En un mundo fragmentado por creencias, ideologías y fronteras, viajar ha dejado de ser únicamente desplazarse. Para mí hoy, más que nunca, viajar es buscar sentido y dejarme sorprender por la magia de la naturaleza.

Con esta convicción se consolida el eje de Destinos y Auroras: explorar aquellos lugares donde el alma puede descansar, porque respirar la primera luz del día es una experiencia realmente sanadora.

Espacios que no sólo se visitan, sino que transforman. Sitios que, en palabras de quienes los viven, funcionan como refugio para el espíritu.

El Santuario en Valle de Bravo es uno de ellos.

No es únicamente una obra arquitectónica ni un atractivo turístico. Es un templo compartido, un territorio de quietud. En un país de profundas tradiciones religiosas, donde históricamente los espacios sagrados pertenecen a una fe específica, este concepto resulta disruptivo: aquí la espiritualidad no compite, convive. No impone, invita.

En este recinto los cuatro elementos se manifiestan con profunda claridad: la tierra y sus minerales que abrazan el lugar; el agua que fluye por todo el santuario y va purificando en su entorno natural; el aire limpio que invita a respirar con conciencia, y el fuego, presente en la energía transformadora del temazcal. No son metáforas poéticas: son experiencias sensoriales que sostienen la vivencia espiritual del visitante.

Santuario de Valle de Bravo

 

Toda creación construida desde el alma tiene una historia de origen.

Cuando Michel Domit decidió materializar la visión que su padre había sembrado en su interior, comprendió que los proyectos espirituales no se imponen: se escuchan. Al dejarse guiar por monjes tibetanos recibió una enseñanza contundente: fue una invitación a respetar la tradición, a comprender que custodiar un sueño no significa apropiarse de él, tienes que fluir y escuchar. Y Michel, al dejarse guiar por los monjes, vivió su propia experiencia, ya que la intuición guía los pasos y las personas que permites que te acompañen.

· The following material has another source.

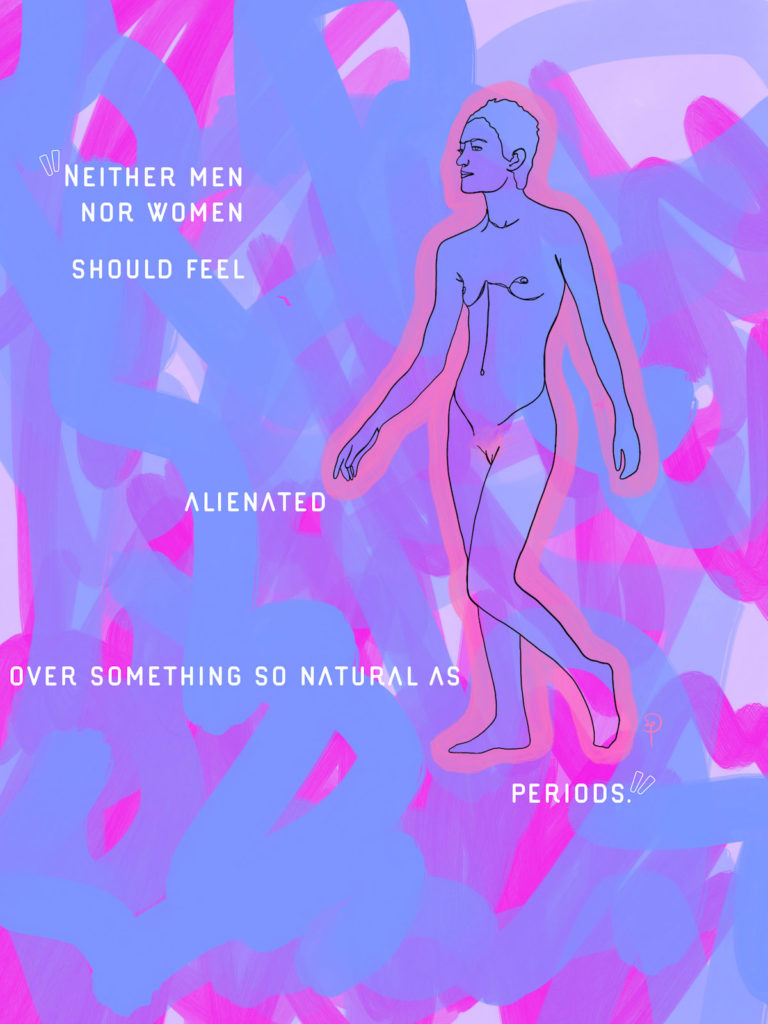 Men Should Learn to Talk about Periods, period. Text by Naomi Louise Jenkins. Artwork by Olga Perelman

Hubo dudas, escepticismo, obstáculos. Parecía improbable que una idea de esta magnitud se concretara. Sin embargo, el símbolo que acompaña esta historia es el cisne: capaz de deslizarse sobre agua turbia sin manchar su plumaje. Así avanzó el proyecto, con serenidad firme y clara frente a la incredulidad.

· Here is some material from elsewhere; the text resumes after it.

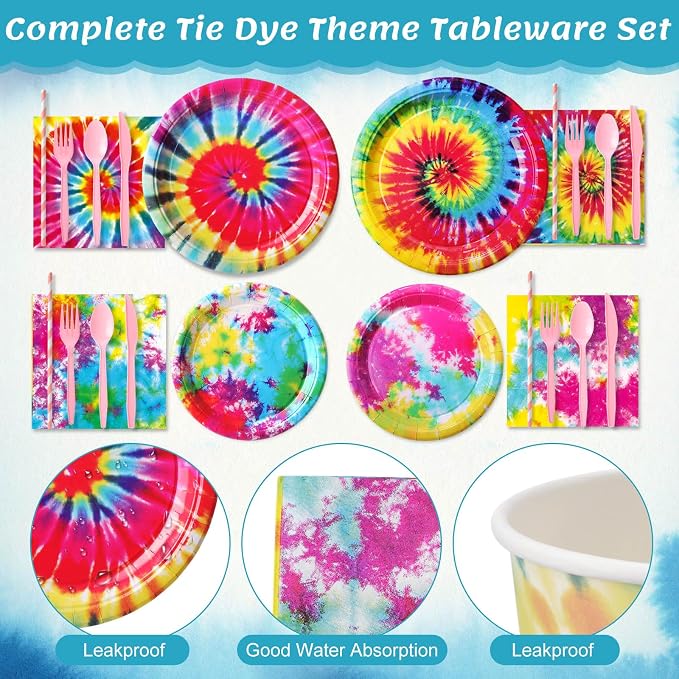 450 Pcs Tie Dye Party Tableware Set Decorations, Serves 50 | Rainbow Birthday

Hoy el santuario recibe visitantes de distintas partes del mundo. No llegan sólo por curiosidad arquitectónica. Llegan buscando pausa. Llegan cargando preguntas, duelos, transiciones. Muchos nombran al santuario de manera espontánea como: destino de restauración interior, como descripción honesta de lo que se experimenta.

Desde el momento de la llegada, te reciben con amabilidad genuina y por tu nombre —en el ambiente ya se percibe un ecosistema que abraza. Aquí lo sagrado no necesita etiquetas. Sólo presencia.

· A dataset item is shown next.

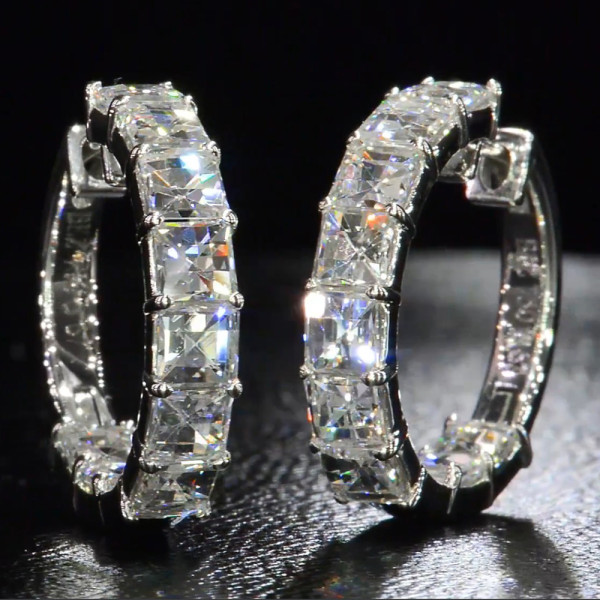 9ctw Asscher Cut White Sapphire Hoop Earrings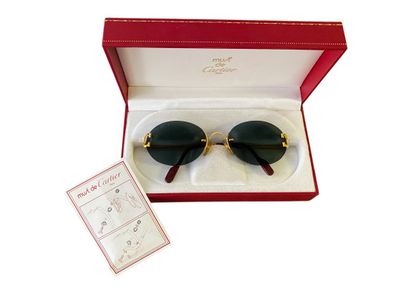 pair of black sunglasses in a red box on a white surface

Yo lo viví. Presenciar la primera aurora durante mi visita me marcó profundamente. Con un amanecer que se asomaba entre la montaña, desde lo más alto del santuario —afuera de la capilla, donde la noche pasaba la estafeta a la luz tenue que comenzaba a teñir de rojo los bordes del paisaje, comprendí que existen lugares que no sólo se recorren... se habitan interiormente. Esa fue mi experiencia al hacer el recorrido del laberinto de Chartres, réplica del original que se encuentra ubicado en la capilla de Notre-Dame, en Francia, conocido por simbolizar el camino espiritual hacia Dios.

Atardecer en el Santuario de Valle de Bravo

 

Y ahí radica el propósito de Destinos y Auroras: identificar y narrar aquellos destinos donde el lujo no es la ostentación, sino la serenidad. Donde el viaje no es evasión, sino regreso.

Porque en tiempos de ruido global, los verdaderos destinos son aquellos que nos permiten volver a nosotros mismos. Y sí —aunque suene simple— todavía existen lugares donde el alma puede descansar y recomponerse; espacios donde los sentidos se reinician y el tiempo desacelera su marcha. Lugares que no sólo te permiten irte, sino regresar distinto: más consciente, más ligera, profundamente ilusionada para lo que viene.

¡Nos vemos en la próxima Aurora!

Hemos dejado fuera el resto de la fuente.